[SPARK-36411] Unable to Write non-Delta Formats to Azure Data Lake Gen2 Due to Owner of the Parent Folder's Permissions - ASF JIRA

Details

Type: Bug
Status: Open
Priority: Minor
Resolution: Unresolved
Affects Version/s: 3.1.2
Fix Version/s: None
Component/s: Input/Output
Labels:
None
Environment:

Hide

Azure Databricks 8.4, Spark 3.1.2, https://docs.microsoft.com/en-us/azure/databricks/release-notes/runtime/8.4#system-environment.
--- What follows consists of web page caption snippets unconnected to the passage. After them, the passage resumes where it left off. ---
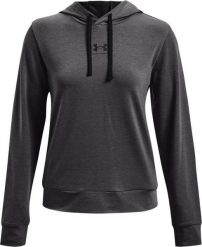 Under Armour Bluza damska Under Armour Rival Terry Hoodie grafitowa 1369855 010 L. Szare bluzy damskie Under Armour, l, bez wzorów, bez ramiączek, bez kaptura. Za 211.88 zł.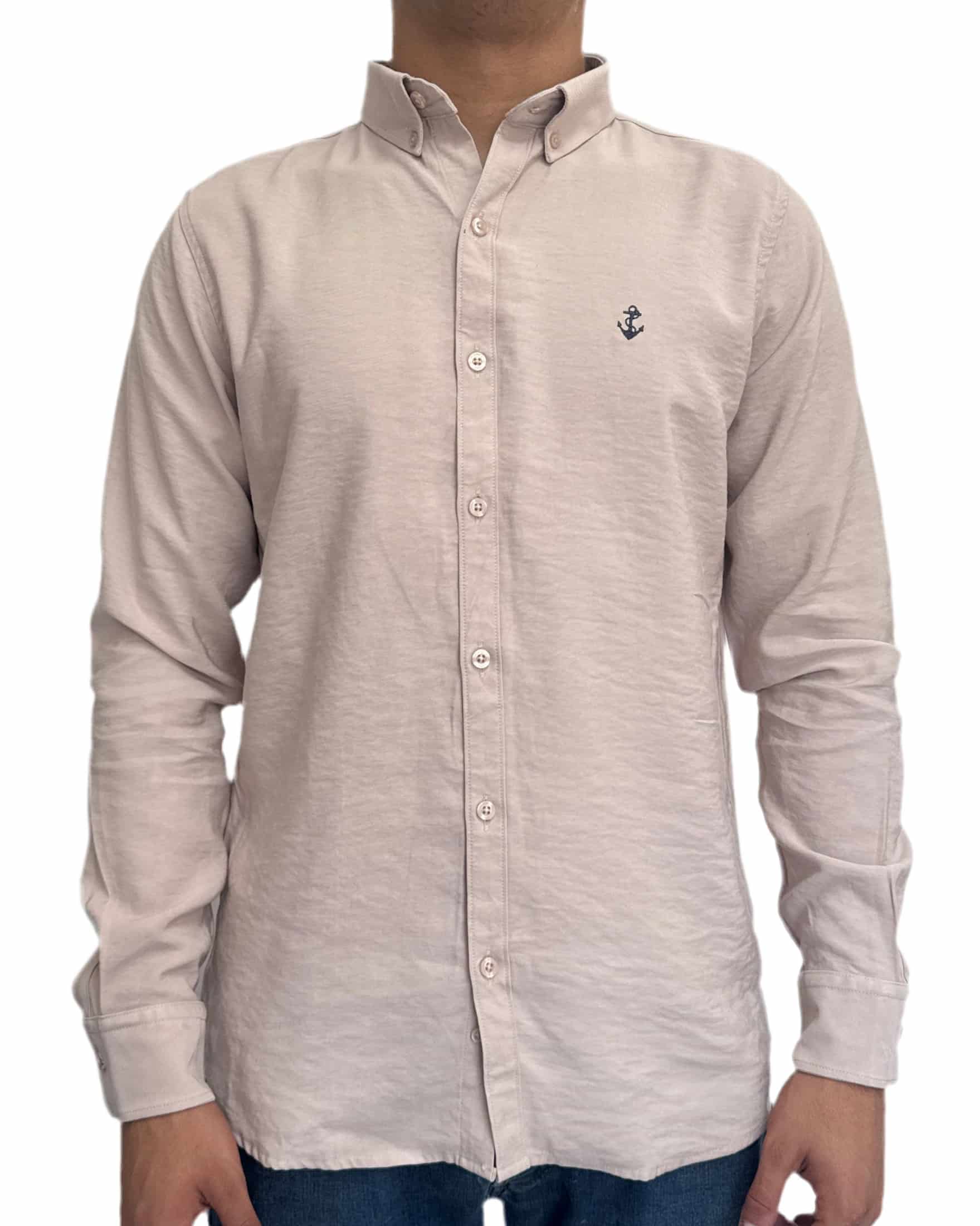 Camisa Beige en rayón - miniatura 2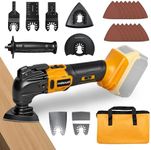 Brushless Oscillating Tool Compatible with DeWalt 20V MAX Batteries(No Battery), 6 Variable Speed Cordless Oscillating Multi-Tool with Accessory Kit for Sanding, Cutting & Scraping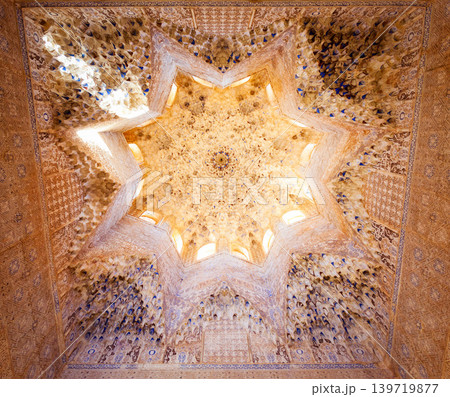 The Alhambra Palace interior in Granada, Spain 139719877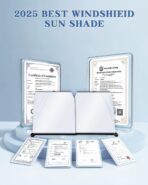 Storage-Free Windshield Sun Shade for Car - Adjustable Auto Retractable, UV & Heat Protection, Easy to Use - Universal Fit for Car, Ideal for Camping Outdoor & Daily Parking (Not Fit Truck) - Image 9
Azure Data Lake Gen2 used as the location for the writers.

Show
Azure Databricks 8.4, Spark 3.1.2, https://docs.microsoft.com/en-us/azure/databricks/release-notes/runtime/8.4#system-environment. Azure Data Lake Gen2 used as the location for the writers.

Description

When writing a Spark DataFrame to Azure Data Lake Gen2 storage using any format other than "Delta", a folder is created on the filesystem as expected but the permissions of the owner of that folder are the same as the permissions of the parent folder owner. If the parent folder owner does not have any access permissions, the write command will create the folder on the filesystem with the same permissions of the parent folder owner for our new owner. This is an expected behavior as per engineering team of ADLS Gen2.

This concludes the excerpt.